Question

In how many ways can $5$ boys and $5$ girls sit in a circle so that no two boys sit together?
$
  A.\;5!\; \times \;5! \\
  B.\;4!\; \times \;5! \\
  C.\;\dfrac{{5!\; \times \;5!}}{2} \\
 $
$D.$ None of these

Answer 1

Hint: In this we apply the concept of circular permutation i.e. the number of circular permutations of $m$ things of first kind , $n$ things of second kind, such that no two things of second kind come together is $\left( {m - 1} \right)!\; \times \;{}^m{P_n}$ ways.

Complete step-by-step answer:

According to the question we have to find out how many ways can $5$ boys and $5$ girls can sit in a circle so that no two boys sit together.

Hence , what we have to do first is to fix the alternate position of girls as shown in the figure .

Five girls can be seated around the circle in $\left( {5 - 1} \right)! = 4!$

Five boys can be seated in five – vacant places for $5!$.

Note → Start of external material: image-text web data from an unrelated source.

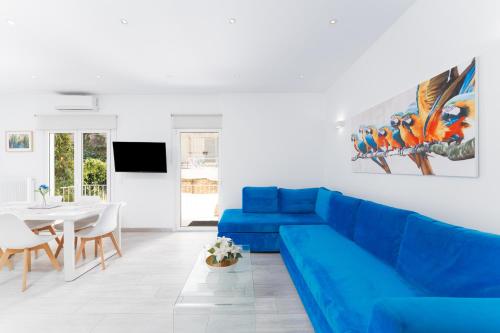 Modern & Central Apt in Athens, Athènes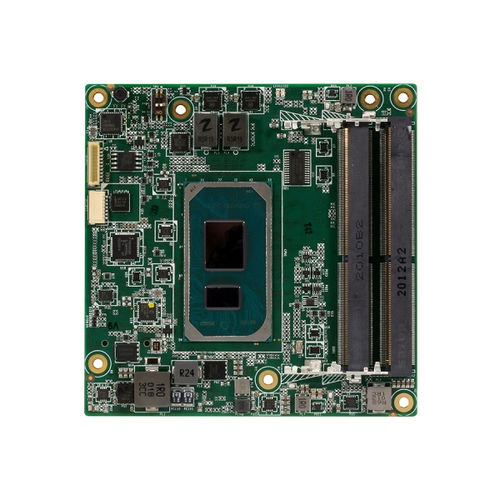 COM ExpressCompact计算机模块 - COM-TGUC6 series - AAEON - 11th Gen Intel® Tiger Lake-UP3 i5-1145G4E / 11th Gen Intel® Tiger Lake-UP3 i7-1185G4E / Intel® Core™ 11ᵉ代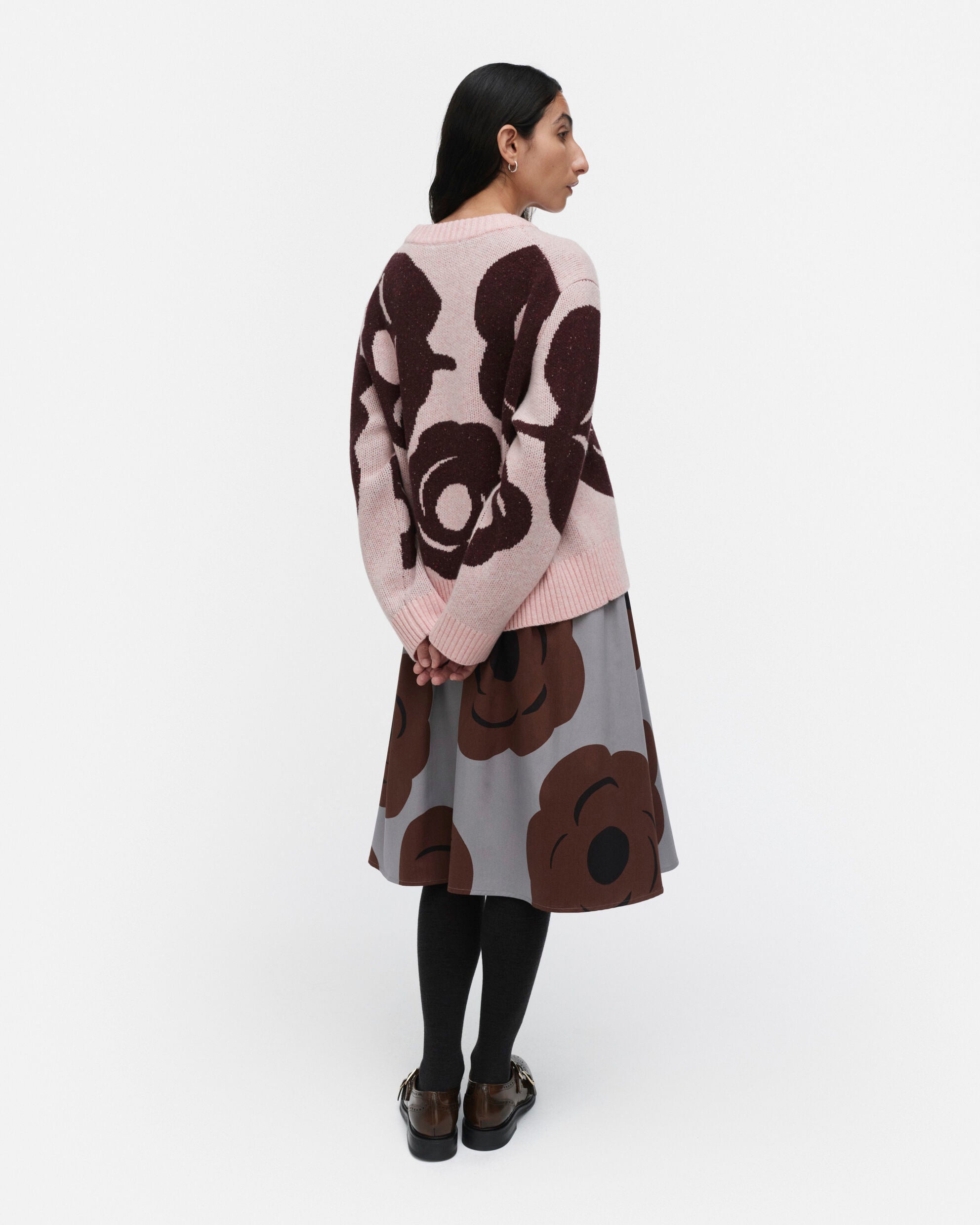 Rws Virtaus Tumma pull-over en laine tricotée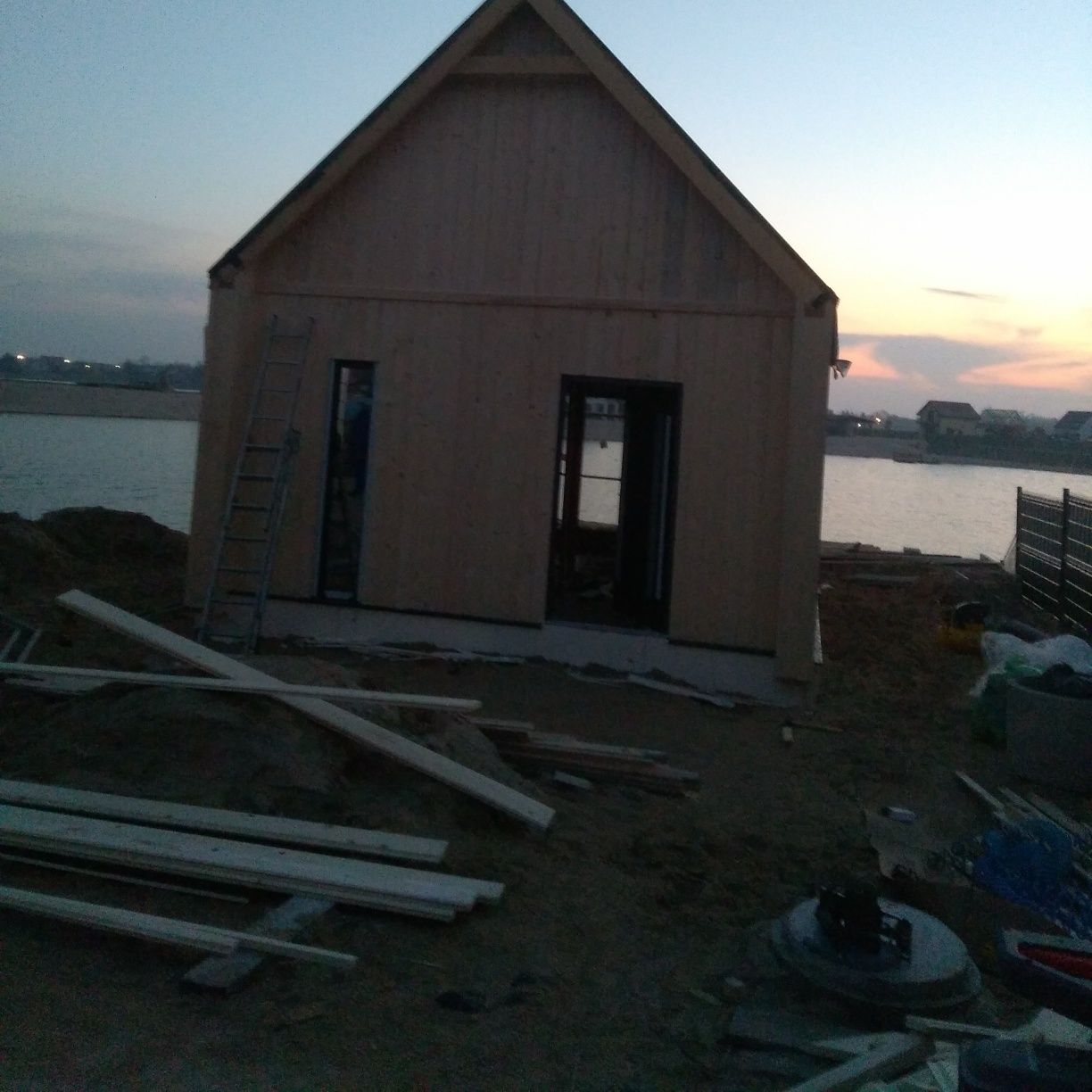Dom domek 35/70m2 Cała Polska rekreacyjny całoroczny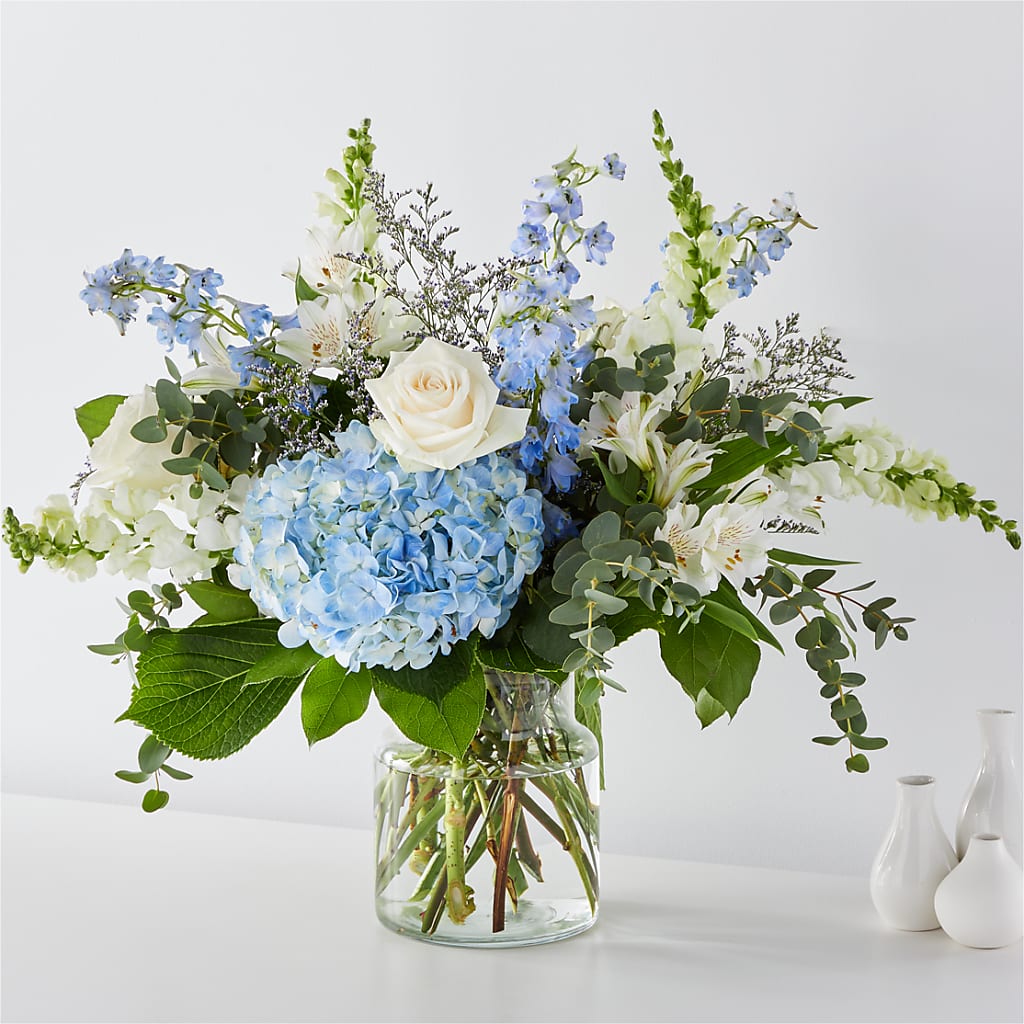 Coastal Blossom Bouquet – Print A Bunch Florists, Orleans ON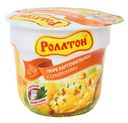 Пюре картофельное с сухариками «Роллтон», 40 г
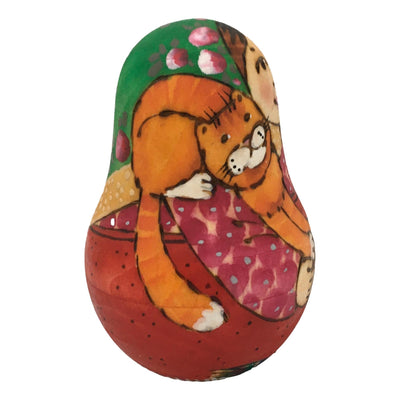 Traditional russian doll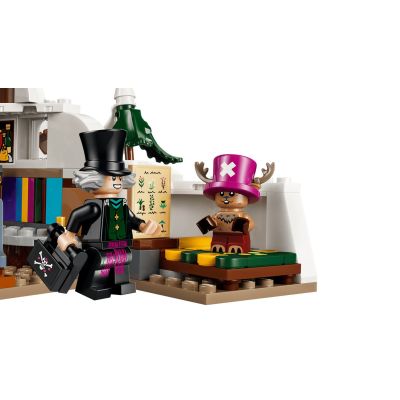 6. LEGO One Piece 75641 - Dr. Hiluluks Versteck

$\therefore $ Required number of ways $ = 4!\; \times \;5!$

Note: In such types of questions it is advisable to remember basic concepts of circular permutation that is the number of circular permutations of $n$ different things taken all at a time is $\left( {n - 1} \right)!$, if clockwise or anticlockwise orders are taken as different.